Lustmord
Much Unseen Is Also Here
Pelagic Records
As we discussed on a recent podcast on the subject of dark ambient, it’s tough to think of a more foundational figure in the emergence and codification of that genre, not to mention someone with a stronger catalog within it forty years on than Brian Williams of Lustmord. A slew of recent live, collaborative, and archival releases have served as a reminder of how far Williams has taken the moods and atmospheres he pioneered from their often willfully obscure origins and into the realms of video game and film soundtracking, as well as into a degree of critical acceptance far beyond the reach of even the most ambitious initiates who followed the trail he blazed. That recent work schedule has also occluded the fact that, depending on one’s definition of the format, Much Unseen Is Also Here could be taken as the first standalone LP of original, solo Lustmord work since 2016’s Dark Matter. It feels like a sojourn into the caves and abysses only Lustmord can map is long overdue, then, though as Much Unseen Is Also Here reminds us, Lustmord is an entity which operates on its own scope and scale.

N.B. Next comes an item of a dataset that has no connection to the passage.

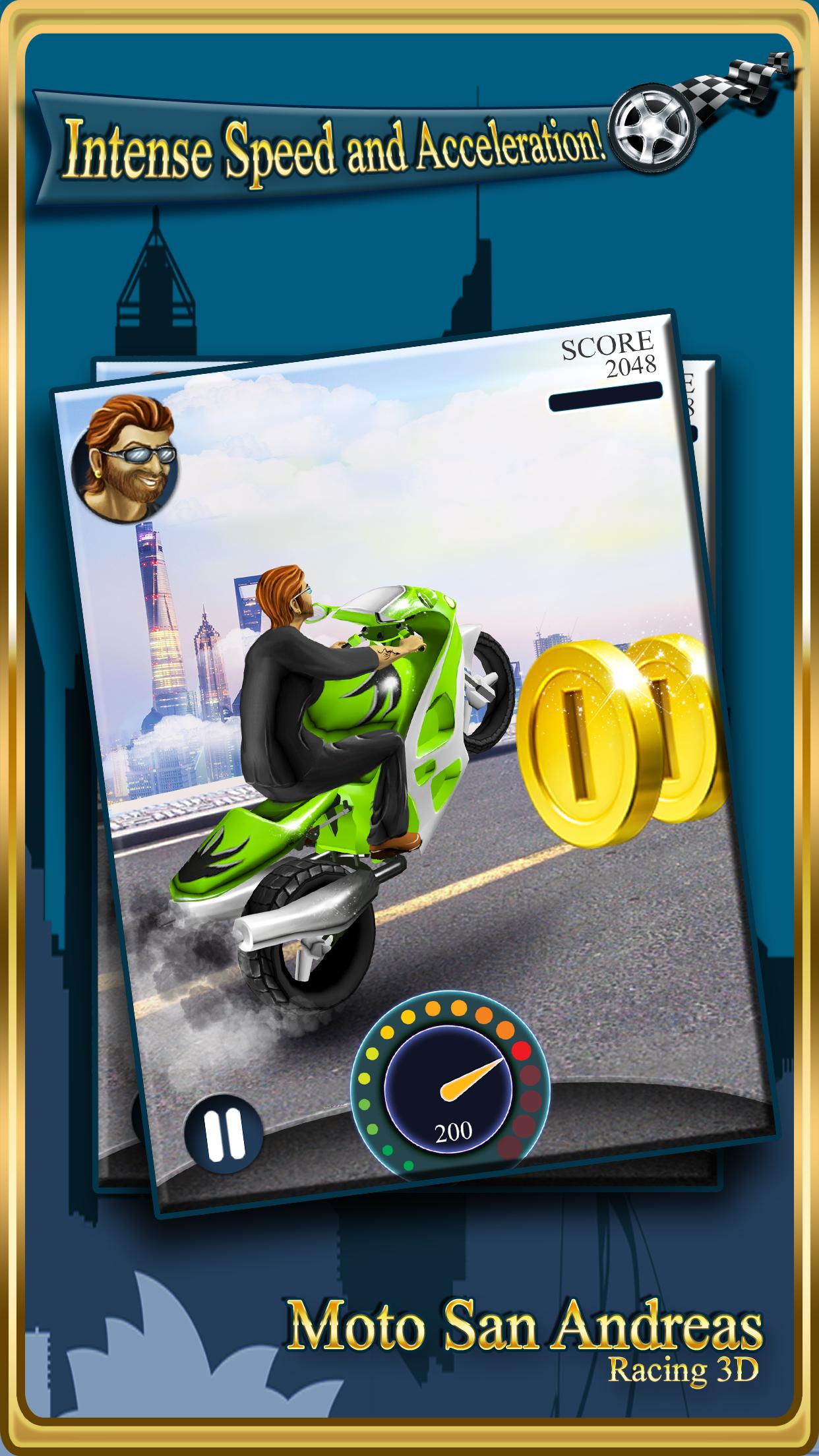 moto san andreas racing in 3D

Clocking in at a full 80 minutes, Much Unseen certainly isn’t cutting corners in giving each of its eight pieces as much time and space as is needed to unfurl. Yet, even by the already minimalist standards of the genre and the artist, it’s a decidedly stripped-down affair from a compositional standpoint. Opener “Behold A Voice As Thunder” communicates the aesthetic in immediate fashion (well, as immediate as a ten minute piece with no discernible rhythm can be), with deep drones, string pads so low as to be indistinct from choral ones, winter wind, and the occasional swell of brass or beat of some stygian timpani. However, no more than two of those elements are ever truly present in the mix for more than a few seconds, with each slowly cycling in and out of the speakers, not only putting the razor sharp command of sound design which has been Williams’ calling card in the spotlight, but also his ability to hold each moment and sound for all its worth.

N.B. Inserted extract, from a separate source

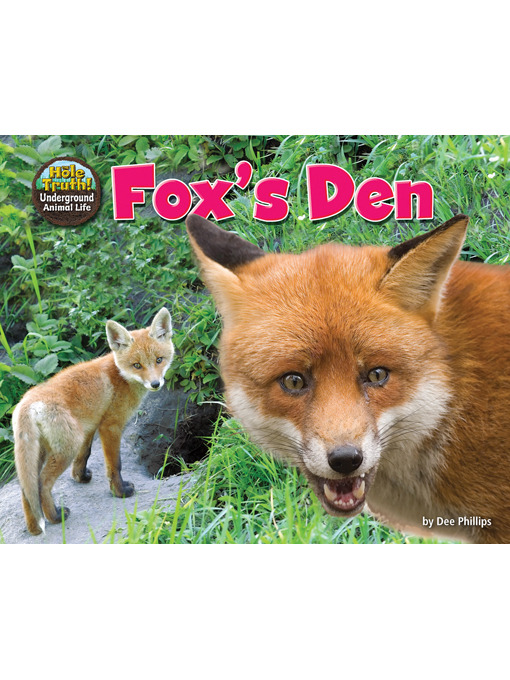 Cover image for Fox's Den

The cornets on “Invocation Of The Nameless One” don’t break from this minimalism, but also show how Williams’ foray into soundtracking has been a two way street; it would be easy to take the piece for part of a Jóhann Jóhannsson or Jocelyn Pook score were it to be heard free of context. More difficult to place are the strings which guide “Hence Shall They Be Devoured All Of Them”, recorded with so much echo and space around them that their timbre almost curves into a brass sound. This isn’t just about the links between Lustmord and film, which were noted long before Williams actually started scoring, but also about Williams’ abilities with neo-classical instrumentation. Album centrepiece “An Angel Dissected” is a rare exception to the aforementioned minimalism, with its recurring piano refrain suggesting puzzled unease more than abject misery or the pure dread and terror associated with early Lustmord works (the latter is left to a slowly encroaching string section).

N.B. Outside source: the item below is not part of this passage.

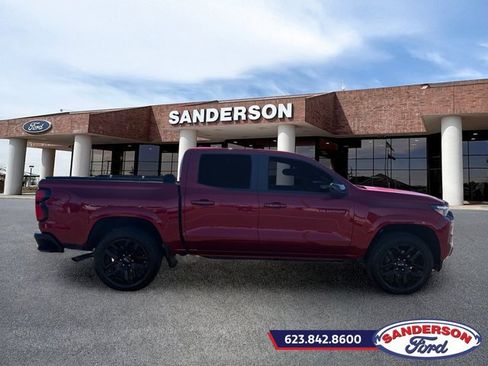 Used 2025 Chevrolet Colorado Z71 w/ Z71 Convenience Package 2 AWD/4WD image 2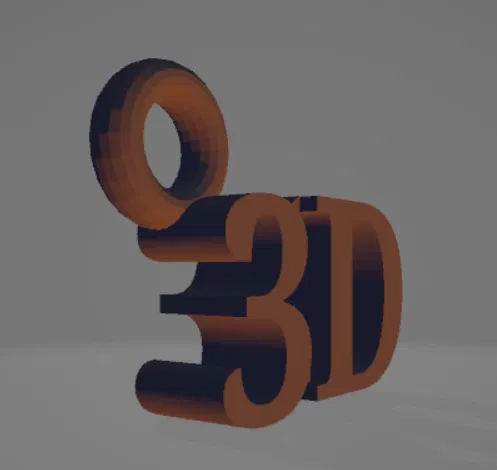 Mặt dây chuyền 3D - Image 2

When we saw Lustmord’s fantastic set at Cold Waves in 2015, a fight nearly broke out in the crowd with one inebriated member of the audience taking umbrage at some perceived slight and insisting that he was a bigger Lustmord fan than any of the rest of us. In addition to being an irritation (though thankfully a momentary one), the petty outburst was at odds with the entire space and spirit Lustmord was invoking. The painting used as Much Unseen‘s cover art, demonic fantasy artist Wayne Barlowe’s “Sargatanas Before The Behemoths”, is indicative of this – rather than brash and noisome arrogance of needless confrontation, Lustmord holds to a lumbering and impassive malevolence which achieves its inscrutable ends on its own ponderous timeline. Recommended.